Start of Supplied data

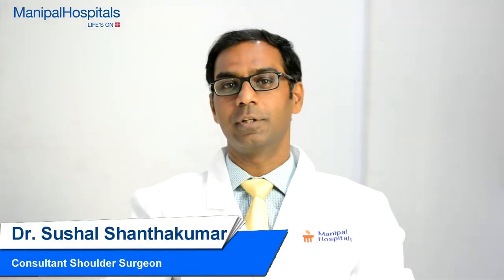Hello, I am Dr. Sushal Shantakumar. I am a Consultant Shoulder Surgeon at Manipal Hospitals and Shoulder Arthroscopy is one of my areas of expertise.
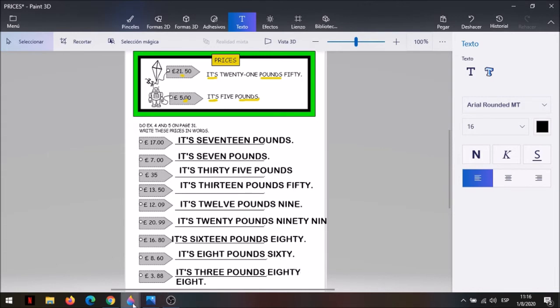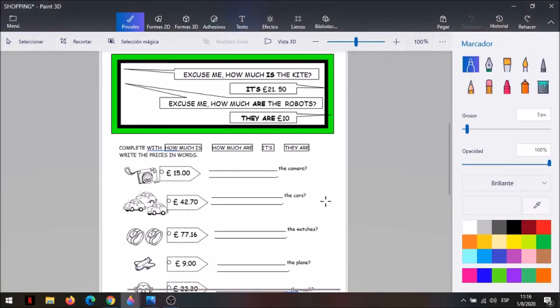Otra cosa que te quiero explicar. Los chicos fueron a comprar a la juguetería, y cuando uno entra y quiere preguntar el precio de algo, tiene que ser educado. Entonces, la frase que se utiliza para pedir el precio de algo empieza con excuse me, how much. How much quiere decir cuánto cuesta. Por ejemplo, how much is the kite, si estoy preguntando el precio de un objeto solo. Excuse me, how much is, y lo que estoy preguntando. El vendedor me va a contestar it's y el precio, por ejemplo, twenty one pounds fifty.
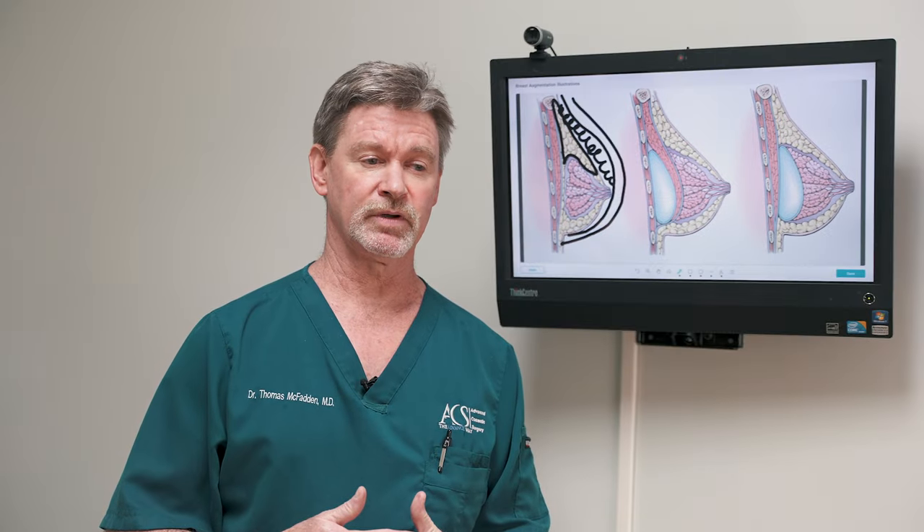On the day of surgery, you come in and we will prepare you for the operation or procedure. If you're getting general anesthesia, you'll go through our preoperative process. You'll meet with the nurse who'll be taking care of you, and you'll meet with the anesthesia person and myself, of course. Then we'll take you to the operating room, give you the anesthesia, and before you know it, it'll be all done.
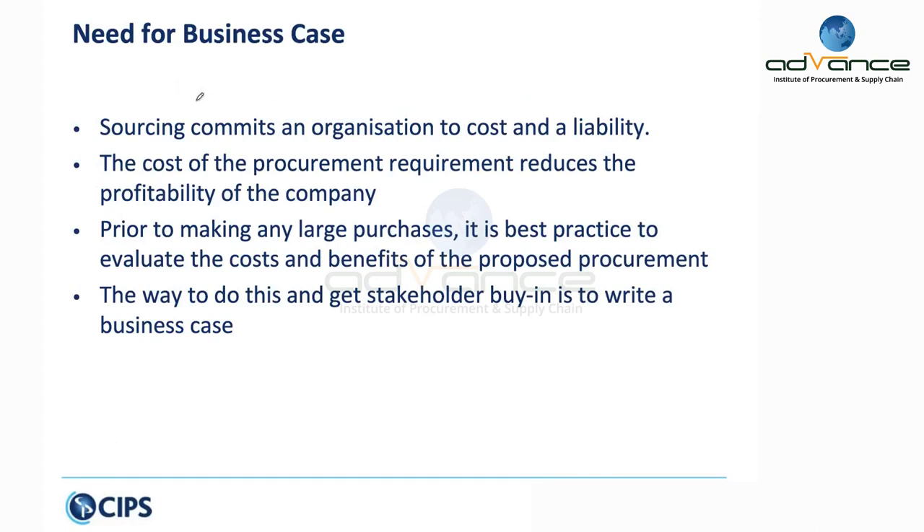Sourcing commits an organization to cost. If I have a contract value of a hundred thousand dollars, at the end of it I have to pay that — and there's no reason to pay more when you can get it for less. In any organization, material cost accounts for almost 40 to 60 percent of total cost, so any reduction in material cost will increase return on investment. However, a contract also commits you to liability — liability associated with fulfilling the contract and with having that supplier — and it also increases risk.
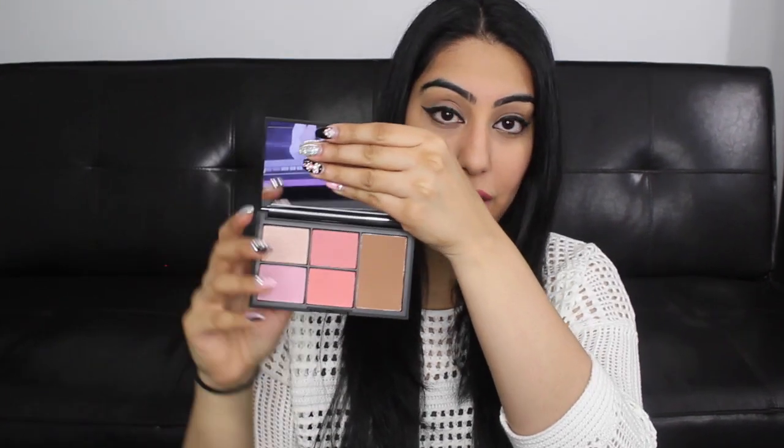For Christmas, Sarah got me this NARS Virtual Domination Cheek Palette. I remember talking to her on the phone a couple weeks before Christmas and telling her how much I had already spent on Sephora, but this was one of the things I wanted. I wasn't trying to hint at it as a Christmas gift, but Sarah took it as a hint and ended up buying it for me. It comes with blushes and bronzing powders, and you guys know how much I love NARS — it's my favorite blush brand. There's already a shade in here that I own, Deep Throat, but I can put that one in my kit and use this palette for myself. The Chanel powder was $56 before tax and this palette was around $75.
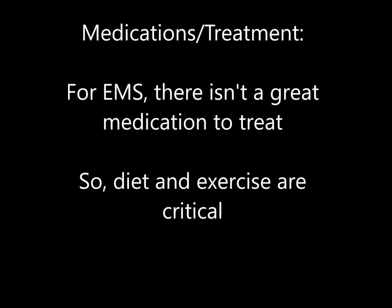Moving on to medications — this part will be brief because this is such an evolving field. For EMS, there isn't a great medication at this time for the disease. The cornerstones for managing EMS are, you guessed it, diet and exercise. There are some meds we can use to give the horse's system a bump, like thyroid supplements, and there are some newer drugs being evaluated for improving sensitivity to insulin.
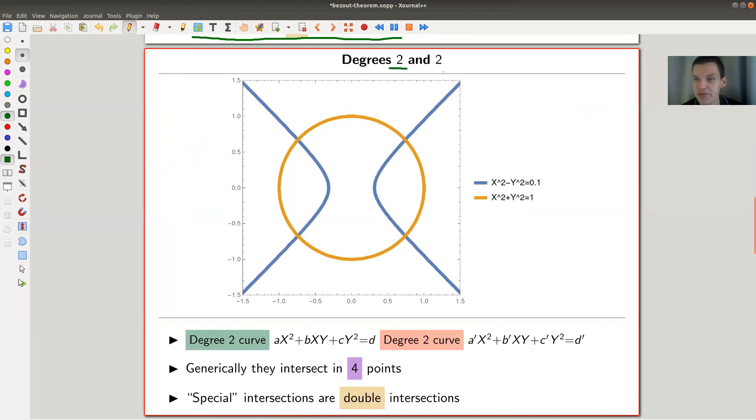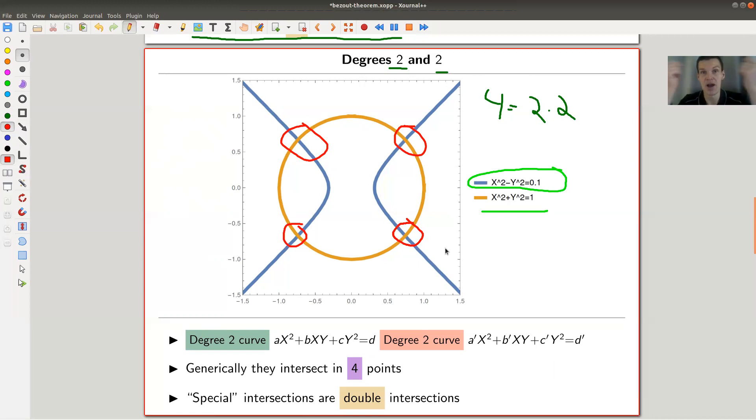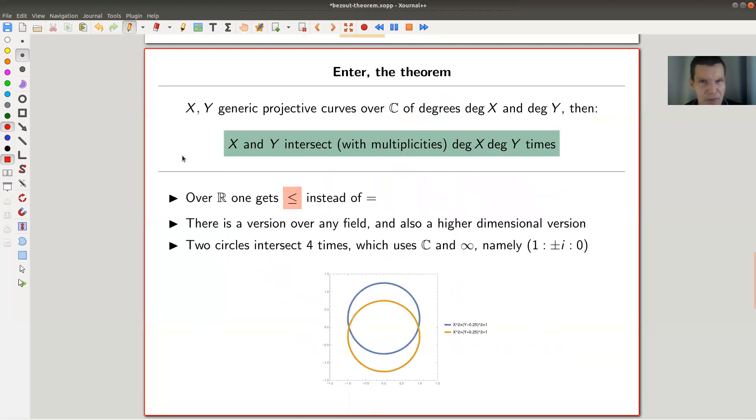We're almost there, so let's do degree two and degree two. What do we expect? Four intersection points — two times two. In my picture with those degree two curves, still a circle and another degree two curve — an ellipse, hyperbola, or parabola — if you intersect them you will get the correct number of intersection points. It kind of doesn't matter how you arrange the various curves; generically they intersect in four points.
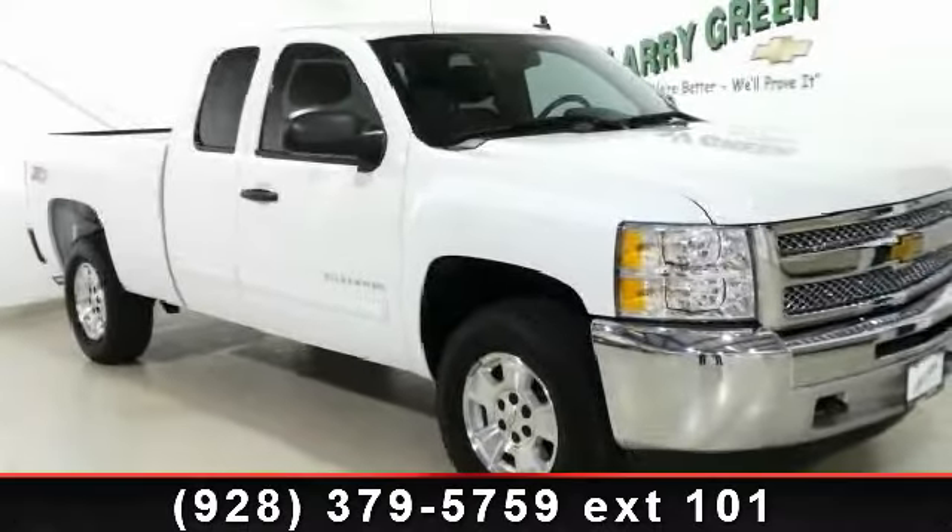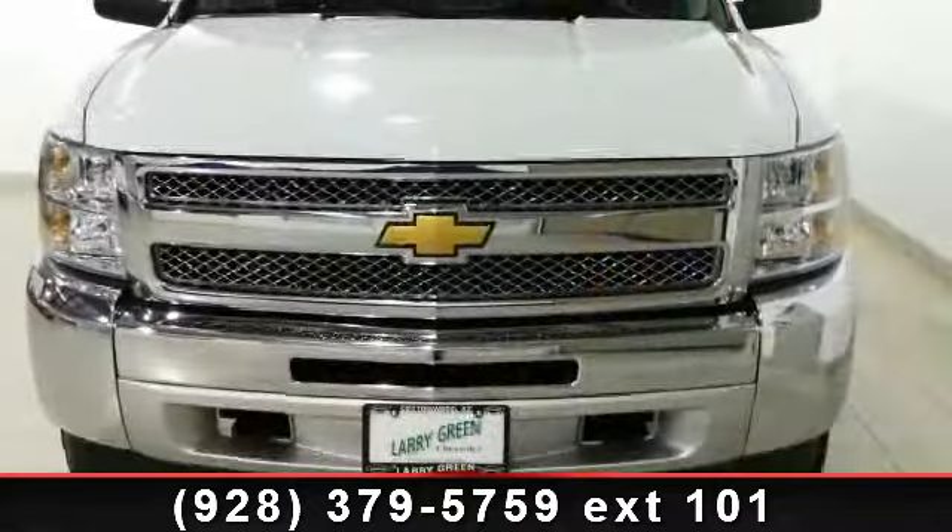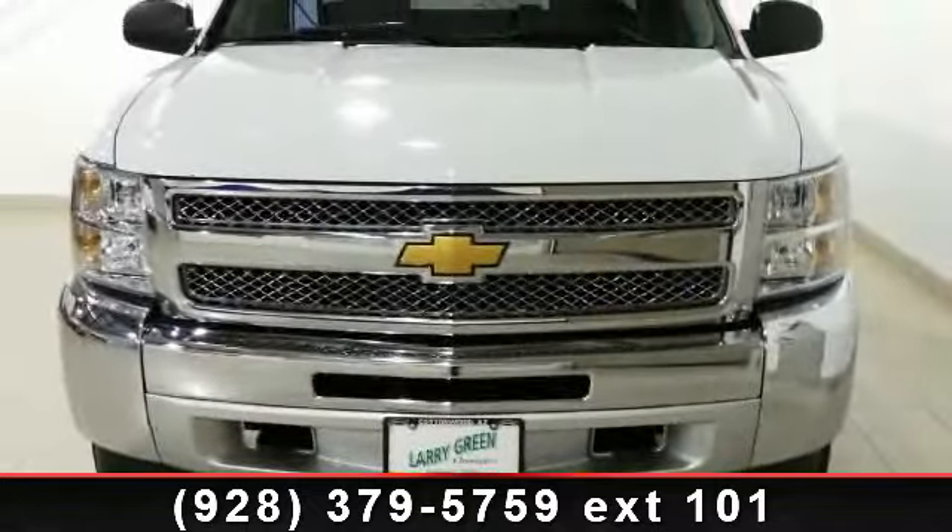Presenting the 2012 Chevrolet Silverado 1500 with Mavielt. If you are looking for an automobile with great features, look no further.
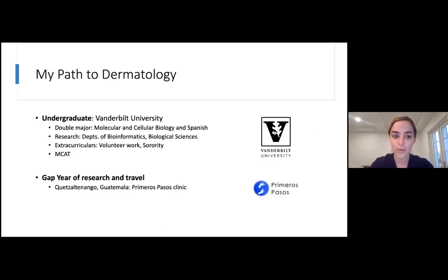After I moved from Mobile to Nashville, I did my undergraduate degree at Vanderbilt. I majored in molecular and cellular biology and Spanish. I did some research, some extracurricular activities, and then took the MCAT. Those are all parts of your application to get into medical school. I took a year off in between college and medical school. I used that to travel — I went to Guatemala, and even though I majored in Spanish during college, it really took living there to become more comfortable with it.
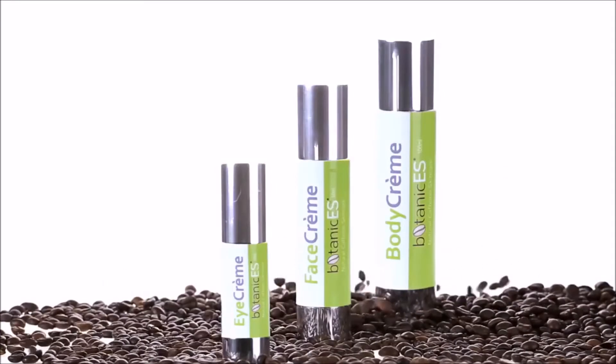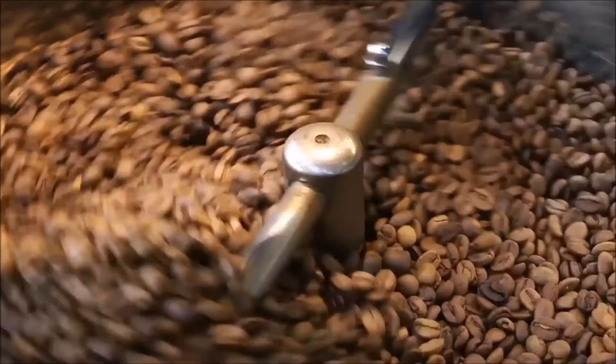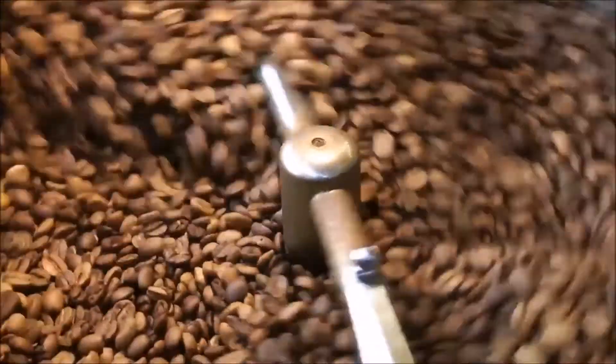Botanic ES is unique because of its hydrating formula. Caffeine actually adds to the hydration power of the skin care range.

End of Supplied data

— Directions for this task —
An exact, image-free transcription of all the records above is needed.

— Your response —
Hello, I am Dr. Sushal Shantakumar. I am a Consultant Shoulder Surgeon at Manipal Hospitals and Shoulder Arthroscopy is one of my areas of expertise.
Otra cosa que te quiero explicar. Los chicos fueron a comprar a la juguetería, y cuando uno entra y quiere preguntar el precio de algo, tiene que ser educado. Entonces, la frase que se utiliza para pedir el precio de algo empieza con excuse me, how much. How much quiere decir cuánto cuesta. Por ejemplo, how much is the kite, si estoy preguntando el precio de un objeto solo. Excuse me, how much is, y lo que estoy preguntando. El vendedor me va a contestar it's y el precio, por ejemplo, twenty one pounds fifty.
On the day of surgery, you come in and we will prepare you for the operation or procedure. If you're getting general anesthesia, you'll go through our preoperative process. You'll meet with the nurse who'll be taking care of you, and you'll meet with the anesthesia person and myself, of course. Then we'll take you to the operating room, give you the anesthesia, and before you know it, it'll be all done.
Sourcing commits an organization to cost. If I have a contract value of a hundred thousand dollars, at the end of it I have to pay that — and there's no reason to pay more when you can get it for less. In any organization, material cost accounts for almost 40 to 60 percent of total cost, so any reduction in material cost will increase return on investment. However, a contract also commits you to liability — liability associated with fulfilling the contract and with having that supplier — and it also increases risk.
For Christmas, Sarah got me this NARS Virtual Domination Cheek Palette. I remember talking to her on the phone a couple weeks before Christmas and telling her how much I had already spent on Sephora, but this was one of the things I wanted. I wasn't trying to hint at it as a Christmas gift, but Sarah took it as a hint and ended up buying it for me. It comes with blushes and bronzing powders, and you guys know how much I love NARS — it's my favorite blush brand. There's already a shade in here that I own, Deep Throat, but I can put that one in my kit and use this palette for myself. The Chanel powder was $56 before tax and this palette was around $75.
Moving on to medications — this part will be brief because this is such an evolving field. For EMS, there isn't a great medication at this time for the disease. The cornerstones for managing EMS are, you guessed it, diet and exercise. There are some meds we can use to give the horse's system a bump, like thyroid supplements, and there are some newer drugs being evaluated for improving sensitivity to insulin.
We're almost there, so let's do degree two and degree two. What do we expect? Four intersection points — two times two. In my picture with those degree two curves, still a circle and another degree two curve — an ellipse, hyperbola, or parabola — if you intersect them you will get the correct number of intersection points. It kind of doesn't matter how you arrange the various curves; generically they intersect in four points.
Presenting the 2012 Chevrolet Silverado 1500 with Mavielt. If you are looking for an automobile with great features, look no further.
After I moved from Mobile to Nashville, I did my undergraduate degree at Vanderbilt. I majored in molecular and cellular biology and Spanish. I did some research, some extracurricular activities, and then took the MCAT. Those are all parts of your application to get into medical school. I took a year off in between college and medical school. I used that to travel — I went to Guatemala, and even though I majored in Spanish during college, it really took living there to become more comfortable with it.
Botanic ES is unique because of its hydrating formula. Caffeine actually adds to the hydration power of the skin care range.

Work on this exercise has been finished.